Sent to you by jeffye via Google Reader:
The 7th version of the Java Developer's Kit (aka JDK 7) delivers a huge speed boost over JDK 6 array accesses. This is huge. It's like another year and a half of Moore's law for free. Only in software. And you don't even have to write multi-threaded code.
I've been profiling my new K-Means++ implementation for the next LingPipe release on some randomly generated data. It's basically a stress test for array gets, array sets, and simple multiply-add arithmetic.

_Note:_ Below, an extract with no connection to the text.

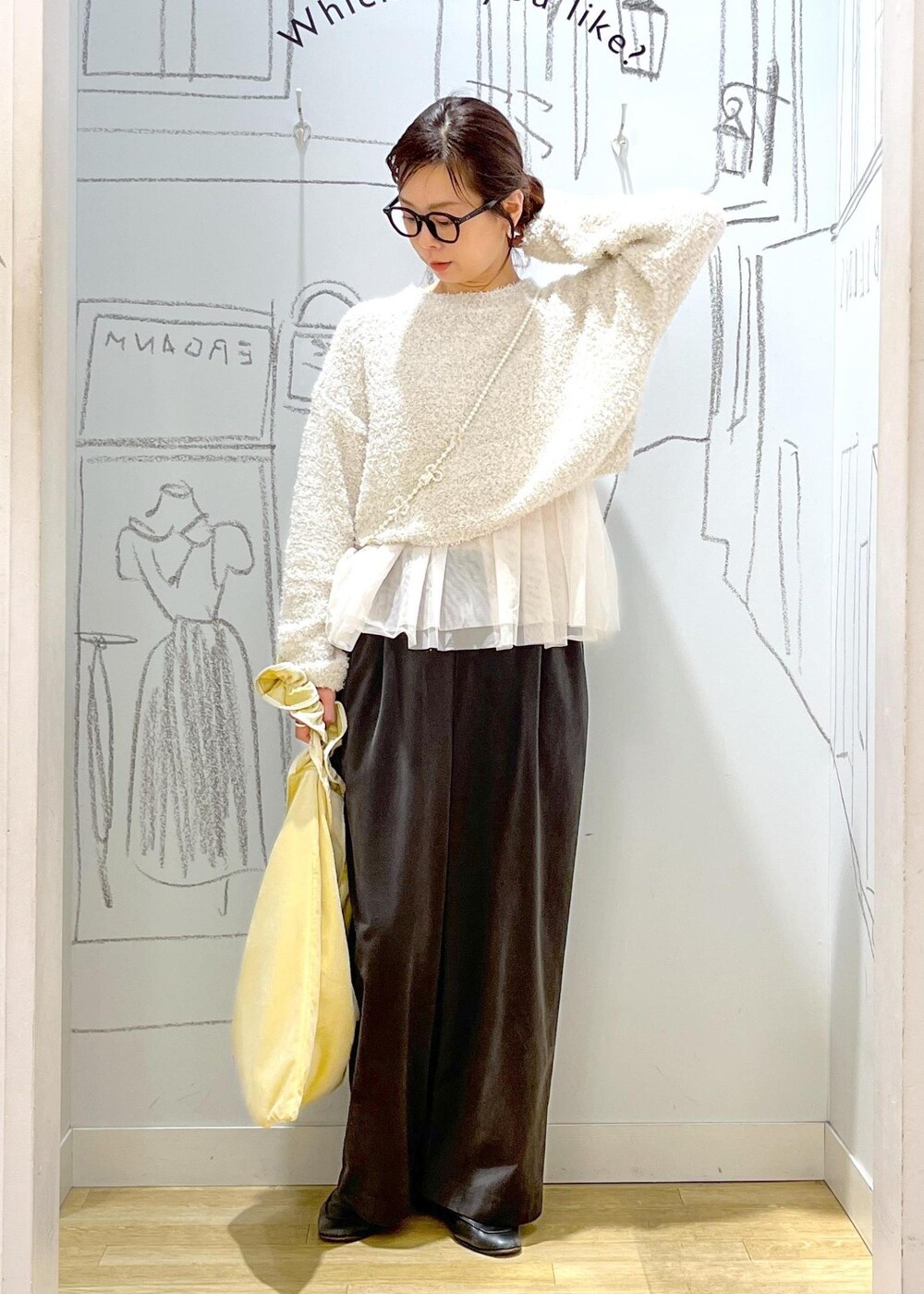 グレー系のその他パンツ、イエロー系のショルダーバッグ、ブラック系のその他アウターを着用したレディースの冬コーディネートの6枚目の写真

Many LingPipe modules are like this at run-time: named entity, part-of-speech tagging, language modeling, LM-based classifiers, and much more.
While I was waiting for a run using JDK 1.6 to finish, I installed the following beta release of JDK 7:
> java -version java version "1.7.0-ea" Java(TM) SE Runtime Environment (build 1.7.0-ea-b52) Java HotSpot(TM) 64-Bit Server VM (build 15.0-b03, mixed mode)
You can get it, too:
I believe much of the reason it's faster is the work of these fellows:
- Würthinger, Thomas, Christian Wimmer, and Hanspeter Mössenböck. 2007. Array Bounds Check Elimination for the Java HotSpot Client Compiler. PPPJ.
Java's always suffered relative to C in straight matrix multiplication because Java does range checks on every array access (set or get). With some clever static and run-time analysis, Würthinger et al. are able to eliminate most of the array bounds checks. They show on matrix benchmarks that this one improvement doubles the speed of the LU matrix factorization benchmark in the U.S. National Institute of Standards (NIST) benchmark suite SciMark 2, which like our clustering algorithm, is basically just a stress test for array access and arithmetic.
So far, my tests have only been on a Thinkpad Z61P notebook running Windows Vista (64 bit) with an Intel Core 2 CPU (T2700; 2.0GHz), and 4GB of reasonably zippy memory. I don't know if the speedups will be as great for other OSes or for 32-bit JDKs.
I'm pretty excited about the new fork-join concurrency, too, as it's just what we'll need to parallelize the inner loops without too much work for us or the operating system.